In March 2021, a new Army Aviation Brigade with three squadrons was established at Missamari in Assam. The brigade is equipped with Dhruv, Rudra, Cheetah helicopters and Heron unmanned aerial vehicles. As of 2023, there are three Army Aviation Brigades, with one based in Leh, Missamari and Jodhpur each. On 1 June 2022, an attack squadron composed of HAL Prachand was raised. A total of seven squadrons of Prachand are planned with ten helicopters in each one.

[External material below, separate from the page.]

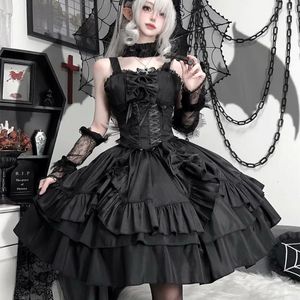 Casual Dresses Coalfell Vintage Black Gothic Lolita Dress Women Tank Tops Tiered Cake Kjol Bow Princess Halloween Party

On 15 March 2024, an attack squadron was raised at Jodhpur, which will be equipped with Boeing AH-64 Apache. The first batch of three Apache will be inducted in May 2024 and the rest will be inducted by July 2024. As of August 2024, no Apaches were delivered to the Army. Citing delays due to supply chain issues, as of late September 2024, the first batch of three Apache helicopters are to delivered by December 2024 followed by the next 3 within another few months. The first batch of three helicopters finally arrived in India's Hindan Air Force Station on 22 July. The helicopters would equip the attack squadron in Jodhpur.

== Plans ==

In 2012, the army was evaluating helicopters from Kamov, Eurocopter and AgustaWestland for its light-helicopter contract for supplying troops stationed at high altitudes. The $750 million contract for the 197 helicopters intended to replace its 1970s Chetak and Cheetah helicopters for high-altitude surveillance and logistics. The successful bidder would provide 60 helicopters in operating condition; the remaining 137 aircraft would be produced by Hindustan Aeronautics Limited (HAL). The successful bidder was required to invest at least 30 percent of the contract in India. In December 2014, the Kamov Ka-226T was selected as a light utility helicopter to replace the Chetak and Cheetah while the HAL Light Utility Helicopter was developed. Kamov would build a production plant in India, and 197 helicopters would be purchased under the Make in India program. Of these 135 are earmarked for the Indian Army. However the deal was later dead by 2021. The Army was looking at the indigenous HAL Light Utility Helicopter and later placed order for it under limited series production.

Other planned acquisitions are:
- Boeing AH-64 Apache – In Feb 2020, The Indian Army Ordered 6 helicopters which is expected to be delivered in early 2023.
- HAL Light Utility Helicopter (LUH)– The helicopter will replace the fleet of Cheetah and Chetak helicopters. The Indian Army requires 394 light helicopters, which the Defence Ministry decided to meet in two purchases. To meet immediate requirements, 197 light helicopters would be procured on the international market; Hindustan Aeronautics Limited would develop and manufacture 187 HAL Light Utility Helicopter, of which 126 would be for the Indian Army.
- General Atomics MQ-9 Reaper – On 15 March 2024, US sent the Letter of Acceptance (LoA) to the Ministry of Defence for a deal for 31 MQ-9B drones (15 for Navy, and 8 each for Army and Air Force). The document will now be forwarded to the Cabinet Committee on Security (CCS) for final approval.